Каждый день в Ботлих приезжали все новые молодые аварцы, поспешно возвращаясь из России, где летом работали на уборке урожая и строительстве. Возвращались домой, узнав о войне в своих краях. Хотели сражаться. Оскорблялись и злились, когда власти отказывались выдавать им оружие и заявляли, что войну с чеченцами нужно оставить русским войскам, которые перебрасываются сейчас на Кавказ из Петербурга, Ростова, Новосибирска, Красноярска. «Это все даргинцы, все из-за них» — в бессильном гневе сжимали кулаки приграничные аварцы.

Хоть они были самым многочисленным из сорока горных народов, населяющих Дагестан, в столице страны, Махачкале, правили даргинцы, а те явно боялись раздавать оружие аварцам — сегодня аварцы бились бы с чеченцами, а кто знает, против кого они направят оружие завтра. Мо- 21 жет, плечом к плечу с чеченскими джигитами снова бы выступили против России?

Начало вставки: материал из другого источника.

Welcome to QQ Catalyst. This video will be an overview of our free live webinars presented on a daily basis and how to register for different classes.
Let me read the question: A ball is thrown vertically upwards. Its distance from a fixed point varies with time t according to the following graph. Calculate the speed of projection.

Они же всегда вместе воевали с россиянами, без конца разжигали восстания. Возглавляли их, как правило, аварские имамы, но одни аварцы никогда особенно заядло не воевали, если рядом не было чеченцев. Как можно было быть уверенным, что на этот раз они не встанут под знамена Басаева, тем более что тот провозгласил себя эмиром всего Кавказа.

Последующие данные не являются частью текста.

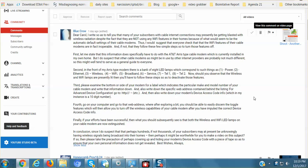I'm saying this for the same reason that Blue Crow wrote, Dear Carol, I write so as to tell you that many of your subscribers with cable internet connections may presently be getting blasted with wireless radiation despite the fact that they are not using any Wi-Fi features in their homes because of what would seem to be the automatic default settings of their cable modems. You've got to shut it off via your cable modem. So Blue Crow, thank you very much for writing out the steps. I'm not going to read it but here are the steps. Pause the video, read this, and he or she does mention that this information that sets out all the steps to make sure that your Wi-Fi modem is off, it pertains to an AT&T ARIS type cable modem.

Кто знает, возможно, именно этого и добивался хитрый Басаев. Строптивым чеченцам не удалось поднять против России ни одного из своих соседей. Не только дальние братья, черкесы, но и самые ближние — ингуши и дагестанские аварцы, даргинцы, лаки, кумыки и лезгины, не рвались гибнуть за свободу Чечни. Не хотели лезть на рожон, не хотели рисковать, даже если ставкой в игре должна была быть их собственная свобода. Они не мечтали о героизме, не хотели ни воевать, ни гибнуть. А чеченцы, несмотря на всю свою спесь и запальчивость, должны были понимать, что одним им не справиться с российской армией, которая не оставляла мысли о новой войне и новой победе, о возможности отомстить за прошлое поражение и бесславие.

Чеченцам не удалось склонить кавказских горцев к войне, но они могли вынудить их на это. Достаточно было заронить искру. Напасть, вырезать под корень или спалить российский пост в дагестанской Аварии и Лакии, спровоцировать россиян на ответные действия, напомнить лезгинам об их давних претензиях на земли табасаров или цухуров, натравить степных ногайцев против кумыков, настроить аварцев против даргинцев. Заставить их стрелять друг в друга, а потом никто и спохватиться не успеет, они сговорятся и выступят все вместе против России.

Басаев был не первым чеченцем, напавшим на земли Дагестана. Во время войны с Россией набег на дагестанский Кизляр совершил другой командир, Салман Радуев. По приказу тогдашнего предводителя чеченских повстанцев, генерала Джохара Дудаева, он попытался перебросить огонь войны в Дагестан. Но, прежде всего, его толкнула на это зависть к славе Басаева, который годом раньше своей бравурной атакой и взятием в заложники целого стотысячного города Буденновск на территории самой России, заставил российское правительство пойти на переговоры о прекращении войны.